THE RECORDS:
....

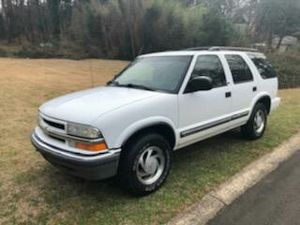 New And Used Chevy Blazer For Sale In Atlanta Ga Offerup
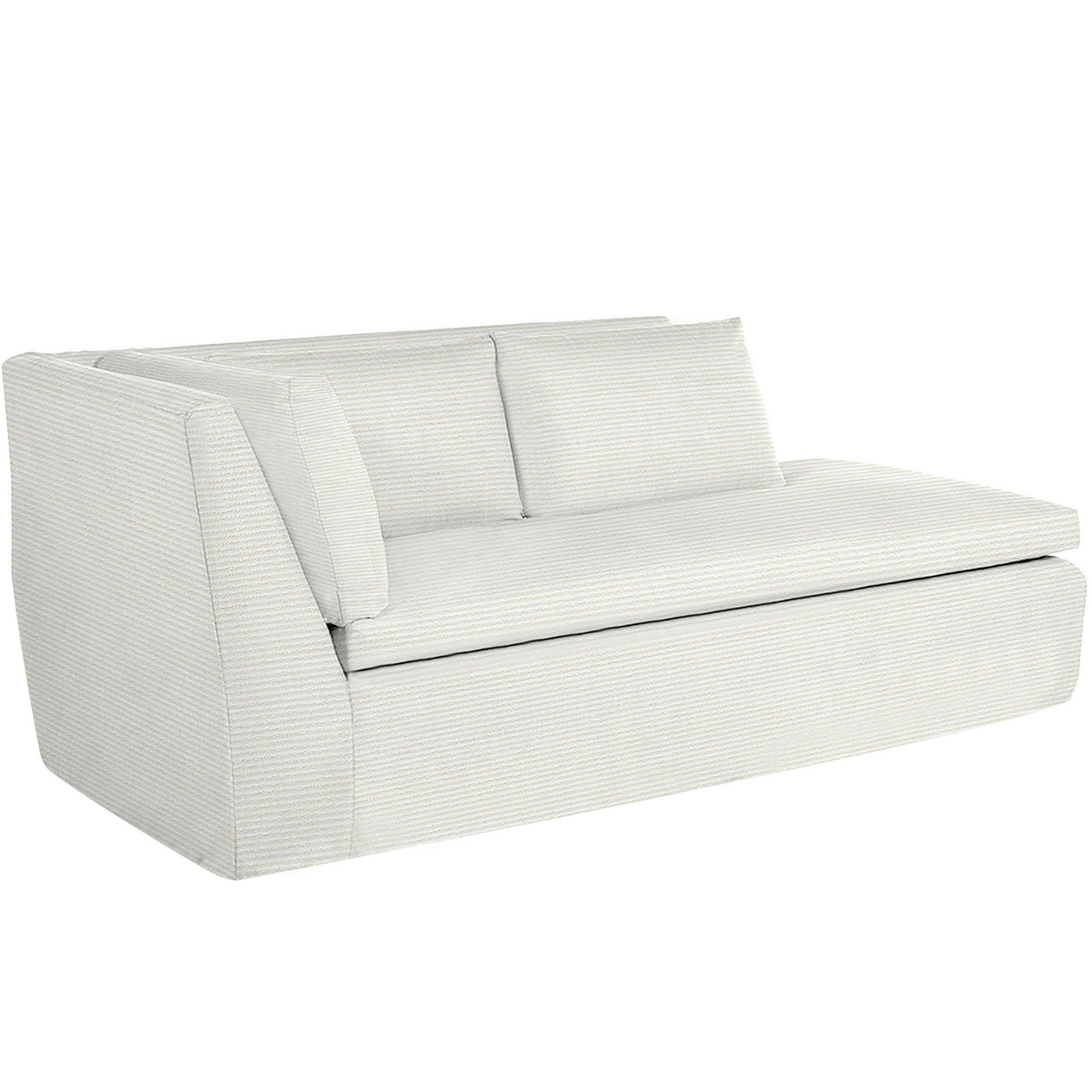 Nora Outdoor Right Arm Facing Chaise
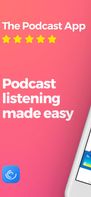 The Podcast App screenshot 1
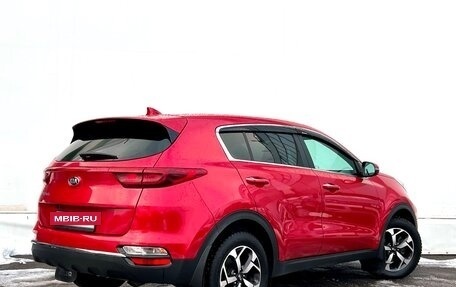 KIA Sportage IV рестайлинг, 2019 год, 1 998 600 рублей, 2 фотография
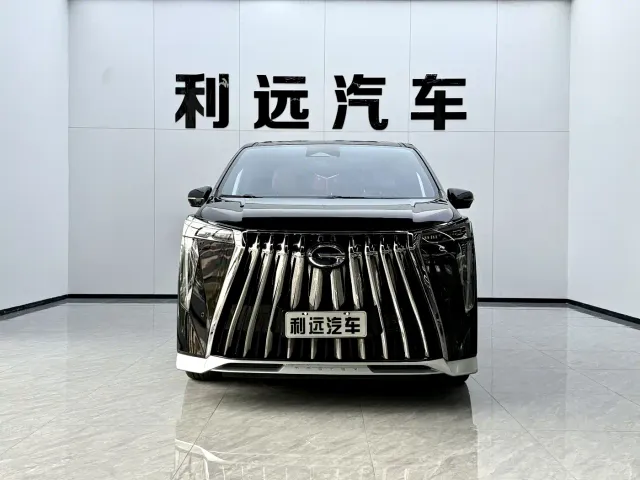 GAC Trumpchi Xiangwang M8 — Фото автомобиля 2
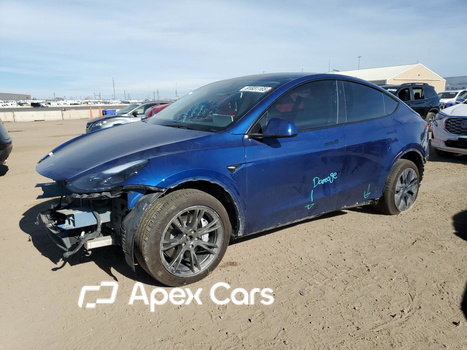 Tesla Model Y 2025 - Image 1 of 14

....

The expected answer is the line with "Nora Outdoor Right Arm Facing Chaise" followed by every remaining line of the listing, each restated exactly, with all pictures dropped.

 Nora Outdoor Right Arm Facing Chaise
 The Podcast App screenshot 1
 KIA Sportage IV рестайлинг, 2019 год, 1 998 600 рублей, 2 фотография
 GAC Trumpchi Xiangwang M8 — Фото автомобиля 2
 Tesla Model Y 2025 - Image 1 of 14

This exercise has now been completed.